These agreements changed the status quo that had existed since Mamluk times when Jews and Christians were prohibited from ascending the Temple Mount, and the area of the Western Wall belonged to the Waqf, not the Jews. But the truly groundbreaking development was the role given to the Jewish state in protecting the mosques, as recognized by an important Muslim institution such as the Islamic Waqf. Furthermore, in the subsequent peace agreements with Jordan, the Hashemite king, who is descended from the Prophet Muhammad, obtained legitimacy from the Jewish state and was given a special status in the final arrangements on the Temple Mount.

The problem was that Israel failed to understand the importance of these status quo arrangements for its legitimacy in the Muslim world as a whole and took lightly the anchor of stability in Jerusalem that these status quo arrangements provided in the years to come.

The fact that 40% of Jerusalem’s inhabitants are Arabs, and the danger that, God forbid, an Intifada erupts in Jerusalem, could shake not only the capital but all of Israel, was not taken into account in Israeli politics. Israeli politicians, without a government decision, began to erode the all-important status quo, to give a Jewish religious character more prominence than Islam, as part of a messianic drive to build the Third Temple and break into the mosques with the ashes of the red heifer. Six red heifers have already been brought into the country and are awaiting their historic role in a cattle shed in Shilo.

This danger cannot be taken lightly. Whoever invested so much money in nurturing these heifers and bringing them to the country intends to break into the mosques. Just as strategic moves to erode the status quo were made without a government decision, but rather due to political pressures, an eschatological event such as a Jewish incursion into the mosques will also not be the result of a state decision but rather a decision made by Third Temple advocates.

In addition to the catastrophic consequences for Jerusalem’s stability and for Israel as a whole, this development would have disastrous implications for relations with Jordan. Not only would Jordan no longer be able to defend Israel, there would be nothing to prevent Iran from taking over Jordan, thereby completing the Shiite crescent and undermining the US policy of establishing an Israeli–Sunni alliance against the Shiite crescent, as seen in action for the first time in thwarting the Iranian attack on Israel.

What is even more disheartening is Israel’s inability to understand the unique role that history has bestowed upon it regarding the Temple Mount. Due to intra-Arab disputes, only one force can protect the mosques, and that is the security forces of the Jewish state.

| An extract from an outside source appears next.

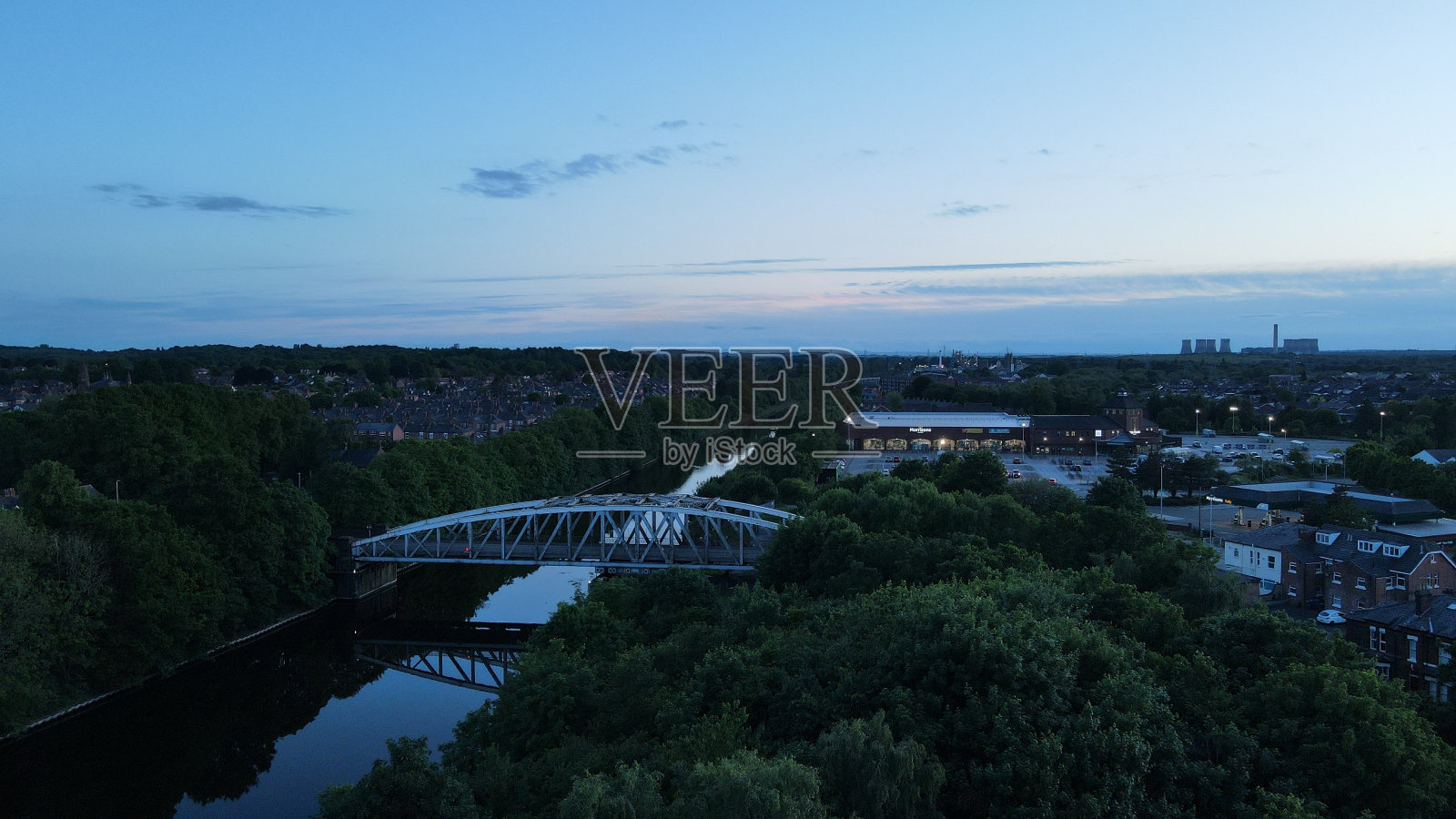 曼彻斯特运河上的秋千桥的空中黄昏视图照片摄影图片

To understand this, we need to analyze the Arab disputes over Jerusalem. After the Saudi dynasty removed the Hashemites from their role as the Sharifs of Mecca following World War I, Abdullah I, one of Sharif Ali’s sons, established the Emirate of Transjordan, which eventually became the Kingdom of Jordan. The Hashemites crowned themselves as guardians of the Holy Places in Jerusalem as compensation for losing Mecca and the guardianship that passed to the Saudis.

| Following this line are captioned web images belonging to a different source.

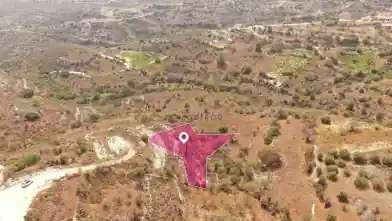 Działka mieszkaniowa na sprzedaż, Dystrykt Limassol, Wuni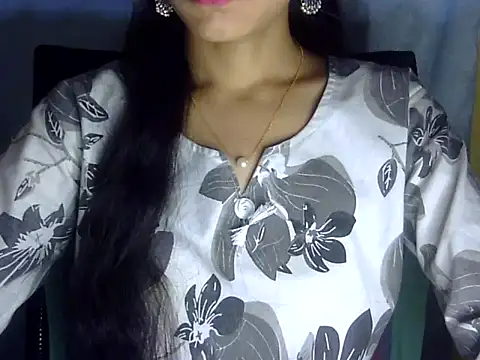 Snapshot of Shazi_1 chatting on 05/30/26, 12:02 Shazi 1 online show from 05/30/26, 12:02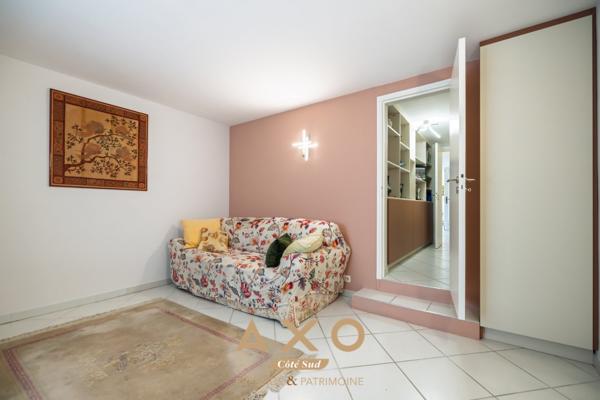 EGUILLES - MAISON - 194 m² - T6 - PISCINE - TERRAIN 1 072 m² - 1 195 000 €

One would have thought that the two dynasties could share responsibility for the Holy Places—the Saudis in Mecca, and the Hashemites in Jerusalem. But events did not unfold in that way. To realize the potential divisions, the Saudis offered the Hashemites compensation for the vast property they left in the Hejaz, as a sign that they had relinquished Mecca. However, the Hashemites refused to accept the compensation, and as far as the Saudis were concerned, this meant that they had not relinquished their claim, and would return to their place of origin at the first opportunity. Indeed, Saudi fears were realized when Saddam Hussein planned to invade Kuwait. Suddenly, King Hussein claimed the old title of “Sharif” from Mecca and formed an alliance with Saddam Hussein to attack the Arabian Peninsula. Saudi Arabia had every reason to believe that Saddam Hussein had promised to return the Hashemite King to Mecca.

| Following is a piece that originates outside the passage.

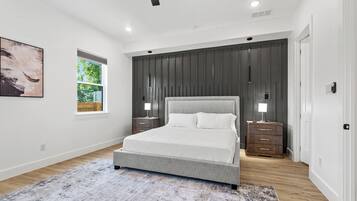 4 bedrooms, desk, iron/ironing board, travel crib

While Jordan played a strategic role in defending Israel from threats from the east, Saudi Arabia saw Jordan as a threat from the north and acted accordingly. First, it was extremely reluctant to provide aid to Jordan, to the point of completely cutting it off, which has strained the Jordanian economy to this day. Second, Saudi Arabia penetrated the Bedouin tribes in southern Jordan, spreading the Wahhabi school among them, which is the state religion in Saudi Arabia. This was done to counter the influence of the Muslim Brotherhood, longstanding allies of the Hashemites, and to challenge the notion that the al-Aqsa Mosque mentioned in the Qur’an refers to the mosque in Jerusalem, but rather a mosque near Mecca, or in the heavens.

And here we move onto the most relevant issue in Muslim politics today—what happened at the beginning of Islam.

During the early days of Islam, Jerusalem held no religious significance. It was not even called al-Quds, but rather Iliya, the Byzantine name for Jerusalem. Immediately after the conquest of Iliya by Caliph Umar ibn al-Khattab, he offered a letter of commitment to the Byzantine archbishop of the city, pledging to preserve its Christian character.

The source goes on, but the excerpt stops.